Task to complete:
When you find the line with "غرفة قياسية بسرير" among the records below, reproduce it and each line after it exactly, ending with the line with "Photo of Patio Balcony in Ashton".

Scraped caption text data:
◆ ◆ ◆ ◆

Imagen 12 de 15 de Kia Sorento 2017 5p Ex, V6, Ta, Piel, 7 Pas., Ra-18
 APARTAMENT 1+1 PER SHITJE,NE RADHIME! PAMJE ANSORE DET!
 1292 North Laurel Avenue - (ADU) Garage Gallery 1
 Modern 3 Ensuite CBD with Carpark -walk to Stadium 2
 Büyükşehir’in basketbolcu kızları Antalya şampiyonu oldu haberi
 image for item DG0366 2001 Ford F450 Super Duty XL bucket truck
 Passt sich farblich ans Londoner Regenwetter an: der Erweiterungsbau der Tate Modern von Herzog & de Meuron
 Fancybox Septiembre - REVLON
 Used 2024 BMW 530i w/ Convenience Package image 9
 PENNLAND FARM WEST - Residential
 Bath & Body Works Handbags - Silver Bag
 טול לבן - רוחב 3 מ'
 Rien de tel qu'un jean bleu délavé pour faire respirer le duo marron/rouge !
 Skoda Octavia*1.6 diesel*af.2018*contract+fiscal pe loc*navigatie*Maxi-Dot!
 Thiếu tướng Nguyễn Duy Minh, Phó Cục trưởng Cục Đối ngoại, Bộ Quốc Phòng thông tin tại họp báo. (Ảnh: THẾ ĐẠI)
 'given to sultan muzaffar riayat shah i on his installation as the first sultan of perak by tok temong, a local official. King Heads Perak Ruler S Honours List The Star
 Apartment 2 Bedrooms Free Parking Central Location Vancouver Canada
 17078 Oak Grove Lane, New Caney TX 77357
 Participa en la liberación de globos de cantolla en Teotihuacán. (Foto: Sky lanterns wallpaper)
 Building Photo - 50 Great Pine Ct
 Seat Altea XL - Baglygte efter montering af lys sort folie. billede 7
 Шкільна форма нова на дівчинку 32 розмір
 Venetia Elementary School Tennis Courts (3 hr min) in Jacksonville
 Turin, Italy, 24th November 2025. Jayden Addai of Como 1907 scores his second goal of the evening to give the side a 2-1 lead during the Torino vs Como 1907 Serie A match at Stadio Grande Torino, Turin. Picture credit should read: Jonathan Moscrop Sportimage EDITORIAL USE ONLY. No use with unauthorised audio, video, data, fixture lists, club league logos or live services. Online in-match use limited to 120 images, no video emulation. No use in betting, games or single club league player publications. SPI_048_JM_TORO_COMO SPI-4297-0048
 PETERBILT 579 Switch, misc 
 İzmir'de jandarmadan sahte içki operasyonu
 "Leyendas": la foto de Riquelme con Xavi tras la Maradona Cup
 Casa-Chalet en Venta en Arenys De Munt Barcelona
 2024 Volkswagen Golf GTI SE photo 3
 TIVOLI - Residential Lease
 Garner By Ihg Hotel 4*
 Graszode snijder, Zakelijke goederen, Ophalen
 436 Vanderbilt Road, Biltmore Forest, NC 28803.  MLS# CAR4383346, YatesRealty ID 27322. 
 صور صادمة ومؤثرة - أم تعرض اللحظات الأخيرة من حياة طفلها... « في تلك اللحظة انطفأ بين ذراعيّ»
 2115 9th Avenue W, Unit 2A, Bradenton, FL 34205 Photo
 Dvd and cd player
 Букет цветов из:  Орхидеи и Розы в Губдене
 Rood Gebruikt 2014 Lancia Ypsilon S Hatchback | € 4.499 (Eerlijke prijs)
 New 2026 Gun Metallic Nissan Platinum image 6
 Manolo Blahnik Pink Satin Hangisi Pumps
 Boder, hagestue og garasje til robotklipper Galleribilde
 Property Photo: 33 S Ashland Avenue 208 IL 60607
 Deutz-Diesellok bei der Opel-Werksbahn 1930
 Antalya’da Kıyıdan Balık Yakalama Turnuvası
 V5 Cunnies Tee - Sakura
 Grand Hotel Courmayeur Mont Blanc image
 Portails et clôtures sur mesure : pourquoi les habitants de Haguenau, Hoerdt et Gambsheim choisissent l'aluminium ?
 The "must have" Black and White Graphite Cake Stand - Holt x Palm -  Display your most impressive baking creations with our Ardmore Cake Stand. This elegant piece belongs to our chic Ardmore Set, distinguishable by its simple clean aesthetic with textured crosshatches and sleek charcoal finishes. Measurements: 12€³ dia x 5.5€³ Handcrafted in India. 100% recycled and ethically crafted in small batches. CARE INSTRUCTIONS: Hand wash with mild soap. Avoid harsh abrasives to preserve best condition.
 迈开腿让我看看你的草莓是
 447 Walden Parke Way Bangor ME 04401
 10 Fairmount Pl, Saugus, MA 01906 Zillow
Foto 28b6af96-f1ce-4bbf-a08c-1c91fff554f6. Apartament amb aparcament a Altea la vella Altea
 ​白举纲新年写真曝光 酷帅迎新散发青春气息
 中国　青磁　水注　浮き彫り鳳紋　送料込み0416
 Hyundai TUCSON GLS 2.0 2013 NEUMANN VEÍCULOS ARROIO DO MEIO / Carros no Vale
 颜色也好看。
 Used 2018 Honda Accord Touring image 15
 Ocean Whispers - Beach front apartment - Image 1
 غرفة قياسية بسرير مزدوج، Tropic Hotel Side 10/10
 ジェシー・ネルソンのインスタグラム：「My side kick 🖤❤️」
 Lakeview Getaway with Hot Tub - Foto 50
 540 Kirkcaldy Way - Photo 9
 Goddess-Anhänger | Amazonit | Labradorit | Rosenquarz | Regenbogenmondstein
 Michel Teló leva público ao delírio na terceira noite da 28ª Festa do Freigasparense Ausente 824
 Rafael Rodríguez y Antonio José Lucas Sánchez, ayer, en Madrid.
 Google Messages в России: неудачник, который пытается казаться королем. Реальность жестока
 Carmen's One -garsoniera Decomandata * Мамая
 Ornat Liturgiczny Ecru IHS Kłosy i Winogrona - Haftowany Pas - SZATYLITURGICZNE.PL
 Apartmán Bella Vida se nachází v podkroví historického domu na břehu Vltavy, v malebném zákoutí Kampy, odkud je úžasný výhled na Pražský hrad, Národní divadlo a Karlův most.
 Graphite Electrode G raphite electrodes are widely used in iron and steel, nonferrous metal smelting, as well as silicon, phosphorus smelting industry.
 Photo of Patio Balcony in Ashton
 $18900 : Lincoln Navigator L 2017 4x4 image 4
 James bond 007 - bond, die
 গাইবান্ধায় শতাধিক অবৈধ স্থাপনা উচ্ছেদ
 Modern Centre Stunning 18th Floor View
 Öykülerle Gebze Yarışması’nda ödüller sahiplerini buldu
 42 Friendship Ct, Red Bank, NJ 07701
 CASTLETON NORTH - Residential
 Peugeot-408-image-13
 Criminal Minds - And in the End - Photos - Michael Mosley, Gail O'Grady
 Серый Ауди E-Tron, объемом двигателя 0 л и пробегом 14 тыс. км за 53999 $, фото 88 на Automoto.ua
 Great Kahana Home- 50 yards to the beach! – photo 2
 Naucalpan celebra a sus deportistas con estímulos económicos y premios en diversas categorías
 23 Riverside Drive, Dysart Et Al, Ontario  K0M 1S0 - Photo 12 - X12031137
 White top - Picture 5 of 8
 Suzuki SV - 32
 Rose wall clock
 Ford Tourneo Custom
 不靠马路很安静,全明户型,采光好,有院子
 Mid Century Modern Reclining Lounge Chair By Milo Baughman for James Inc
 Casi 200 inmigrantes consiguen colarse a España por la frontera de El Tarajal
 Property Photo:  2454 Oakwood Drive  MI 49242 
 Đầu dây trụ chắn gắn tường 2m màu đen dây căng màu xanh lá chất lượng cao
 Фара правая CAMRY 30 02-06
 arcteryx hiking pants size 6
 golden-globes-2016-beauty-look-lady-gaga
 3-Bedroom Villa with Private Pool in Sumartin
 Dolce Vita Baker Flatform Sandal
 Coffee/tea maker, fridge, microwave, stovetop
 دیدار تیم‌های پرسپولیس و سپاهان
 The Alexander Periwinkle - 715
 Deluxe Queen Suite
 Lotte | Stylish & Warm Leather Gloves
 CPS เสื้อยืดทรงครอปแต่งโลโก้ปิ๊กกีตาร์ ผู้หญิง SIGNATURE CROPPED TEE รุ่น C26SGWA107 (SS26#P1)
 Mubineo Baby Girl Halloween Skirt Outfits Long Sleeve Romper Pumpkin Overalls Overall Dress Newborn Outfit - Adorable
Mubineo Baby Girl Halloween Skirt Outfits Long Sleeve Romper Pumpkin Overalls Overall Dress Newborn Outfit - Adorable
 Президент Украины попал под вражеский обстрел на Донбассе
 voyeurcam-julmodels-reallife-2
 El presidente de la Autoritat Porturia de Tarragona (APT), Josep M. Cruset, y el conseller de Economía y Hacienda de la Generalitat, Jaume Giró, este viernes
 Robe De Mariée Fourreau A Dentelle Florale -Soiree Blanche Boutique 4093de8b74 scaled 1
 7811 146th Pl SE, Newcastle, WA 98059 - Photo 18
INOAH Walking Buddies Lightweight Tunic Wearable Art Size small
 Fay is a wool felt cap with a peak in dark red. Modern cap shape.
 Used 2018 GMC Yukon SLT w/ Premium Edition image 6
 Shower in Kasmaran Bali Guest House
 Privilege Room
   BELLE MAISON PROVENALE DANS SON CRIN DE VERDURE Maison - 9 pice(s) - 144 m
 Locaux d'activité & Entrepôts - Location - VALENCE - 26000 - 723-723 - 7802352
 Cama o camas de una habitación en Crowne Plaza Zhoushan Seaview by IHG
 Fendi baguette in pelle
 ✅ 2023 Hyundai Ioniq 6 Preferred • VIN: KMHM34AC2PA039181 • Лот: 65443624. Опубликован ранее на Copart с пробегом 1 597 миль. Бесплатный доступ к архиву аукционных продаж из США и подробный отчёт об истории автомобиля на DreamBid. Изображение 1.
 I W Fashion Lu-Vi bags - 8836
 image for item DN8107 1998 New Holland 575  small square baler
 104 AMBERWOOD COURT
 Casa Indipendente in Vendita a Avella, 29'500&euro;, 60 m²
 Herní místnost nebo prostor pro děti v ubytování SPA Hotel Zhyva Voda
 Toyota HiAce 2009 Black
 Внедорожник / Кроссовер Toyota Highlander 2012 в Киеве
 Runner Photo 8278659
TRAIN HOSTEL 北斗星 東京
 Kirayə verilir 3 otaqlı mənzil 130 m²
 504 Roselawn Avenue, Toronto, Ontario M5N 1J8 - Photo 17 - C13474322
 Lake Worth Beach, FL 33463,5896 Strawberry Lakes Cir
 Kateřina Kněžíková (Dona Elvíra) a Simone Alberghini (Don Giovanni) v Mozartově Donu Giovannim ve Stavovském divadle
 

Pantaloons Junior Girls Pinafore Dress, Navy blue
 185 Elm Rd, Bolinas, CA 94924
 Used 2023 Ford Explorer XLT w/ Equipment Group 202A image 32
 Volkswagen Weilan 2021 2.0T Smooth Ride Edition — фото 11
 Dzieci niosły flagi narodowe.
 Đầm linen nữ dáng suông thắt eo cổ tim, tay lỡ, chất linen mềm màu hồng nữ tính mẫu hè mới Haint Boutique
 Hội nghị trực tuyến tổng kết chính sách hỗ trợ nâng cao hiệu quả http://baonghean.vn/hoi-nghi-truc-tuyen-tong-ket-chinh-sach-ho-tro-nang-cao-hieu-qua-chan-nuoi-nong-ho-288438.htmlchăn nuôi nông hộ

◆ ◆ ◆ ◆

Response:
 غرفة قياسية بسرير مزدوج، Tropic Hotel Side 10/10
 ジェシー・ネルソンのインスタグラム：「My side kick 🖤❤️」
 Lakeview Getaway with Hot Tub - Foto 50
 540 Kirkcaldy Way - Photo 9
 Goddess-Anhänger | Amazonit | Labradorit | Rosenquarz | Regenbogenmondstein
 Michel Teló leva público ao delírio na terceira noite da 28ª Festa do Freigasparense Ausente 824
 Rafael Rodríguez y Antonio José Lucas Sánchez, ayer, en Madrid.
 Google Messages в России: неудачник, который пытается казаться королем. Реальность жестока
 Carmen's One -garsoniera Decomandata * Мамая
 Ornat Liturgiczny Ecru IHS Kłosy i Winogrona - Haftowany Pas - SZATYLITURGICZNE.PL
 Apartmán Bella Vida se nachází v podkroví historického domu na břehu Vltavy, v malebném zákoutí Kampy, odkud je úžasný výhled na Pražský hrad, Národní divadlo a Karlův most.
 Graphite Electrode G raphite electrodes are widely used in iron and steel, nonferrous metal smelting, as well as silicon, phosphorus smelting industry.
 Photo of Patio Balcony in Ashton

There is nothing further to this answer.